Das bedeute, so Friedrich, dass innerhalb der Lötzeit von wenigen Sekunden ein entsprechender Temperaturanstieg auf der Leiterplatten-Oberseite und am Bauteilpin erfolgen muss. Der Transfer an Wärmeenergie, der zu dieser Temperaturerhöhung führt, wird im Lötprozess in zwei Schritten zugeführt: In der Vorheizung wird die Baugruppe auf eine Basistemperatur erwärmt, von der aus im zweiten Schritt das flüssige Lot der Lötwelle den für die Benetzung aussachlaggebenden Teil der Wärmeenergie überträgt. Für den Lötprozess ist deshalb die Vorheiztemperatur ganz wichtig, und der Einsatz von Oberheizungen sichert eine gleichförmige effektive Erwärmung auch von Bauteilen auf der Baugruppen-Oberseite – wie beispielsweise Stromschienen und Drosseln.
»Beim Kontakt der Lötstelle mit dem flüssigen Lot der Lötwelle steigt das Lot im Kapillarspalt zwischen Durchkontaktierung und Bauteilpin nach oben. Dabei überträgt das Lot Energie in die Hülse der Durchkontaktierung und in den Bauteilpin, wodurch sich diese erwärmen«, führt der Ersa-Experte aus. »Die sehr gute Wärmeleitung des Kupfers erwärmt die Hülse also quasi etwas im Voraus und ermöglicht so deren Benetzung bis zur Oberseite der Leiterplatte.«
Ist nun die Durchkontaktierung an massive Kupferlagen angebunden, dann fließt die vom Lot übertragene Wärmeenergie schnell in diese Kupferlagen ab und steht damit nicht mehr für die erforderliche Erwärmung der Durchkontaktierung zur Verfügung. Daher kühlt das Lot schneller ab und erstarrt eventuell in der Durchkontaktierung, bevor es die Oberseite erreicht hat.

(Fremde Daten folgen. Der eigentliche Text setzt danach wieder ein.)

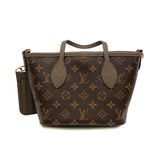 thumbnail mini neverfull inside out tote in monogram ghw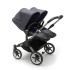 Bugaboo Donkey 5 Twin Tvillingvagn Graphite/Stormy Blue i gruppen Barnvagnar / Varumärken / Bugaboo / Bugaboo Donkey 5 hos Bonti (PKTbdonkey8)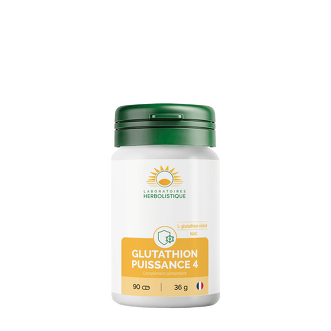 Glutathion Puissance 4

»Um die schnelle Abkühlung des Lotes zu minimieren, muss man also die Hülse thermisch von den Kupferlagen entkoppeln, darf aber gleichzeitig die Stromtragfähigkeit der Anbindung nicht zu sehr schwächen. In der Praxis fügt man deshalb so genannte Wärmefallen in das Layout ein. Gleiches gilt analog für Anschlusspins von Bauteilen mit hoher Masse«, so Friedrich. Ein zweiter wesentlicher Design-Parameter ist laut Friedrich in diesem Zusammenhang die Größe des Kapillarspaltes zwischen Durchkontaktierung und Bauteilpin. Je größer der Kapillarspalt, umso größer ist das Lotvolumen darin, wodurch gleichzeitig die in die Hülse transferierte Wärmeenergie steigt.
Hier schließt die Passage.